__Your instructions__:
From the line that contains "Natural Bird Perches" to the last line of the data below, transcribe every line exactly. Do not include the pictures.

__Available data__:
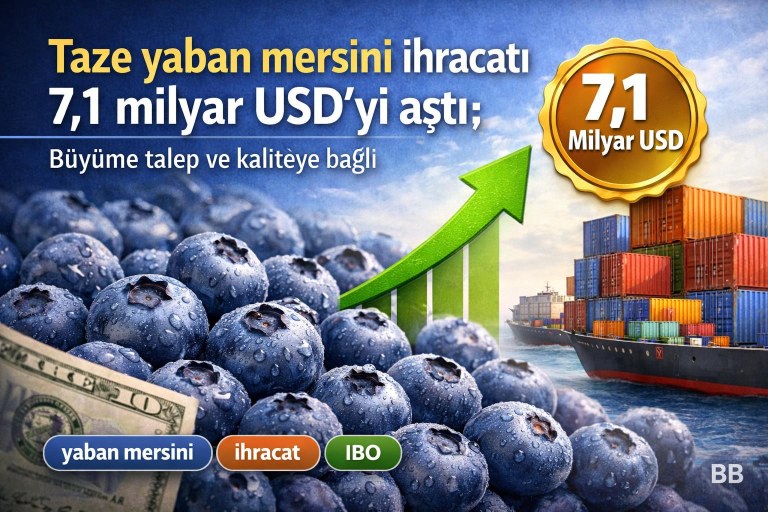 Taze yaban mersini ihracatı 7,1 milyar USD'yi aştı; büyüme talep ve kaliteye bağlı görseli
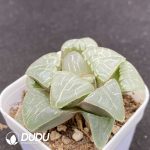 Haworthia Cubic - Image 2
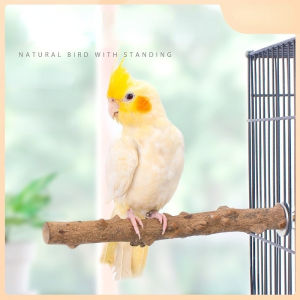 Natural Bird Perches Wooden Parrot Perch Sets Bird Perches for Cage Parakeet Platform Hammock Paw Grinding Fork Chewing Stick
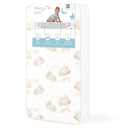 Dream On Me 2-in-1 Breathable Dual-Sided Portable/Mini Crib Coil Mattress 3 Firm Innerspring Core, Waterproof Vinyl Cover, GREENGUARD Gold Certified, Fits Standard Mini & Portable Cribs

__Result for this exercise__:
 Natural Bird Perches Wooden Parrot Perch Sets Bird Perches for Cage Parakeet Platform Hammock Paw Grinding Fork Chewing Stick
 Dream On Me 2-in-1 Breathable Dual-Sided Portable/Mini Crib Coil Mattress 3 Firm Innerspring Core, Waterproof Vinyl Cover, GREENGUARD Gold Certified, Fits Standard Mini & Portable Cribs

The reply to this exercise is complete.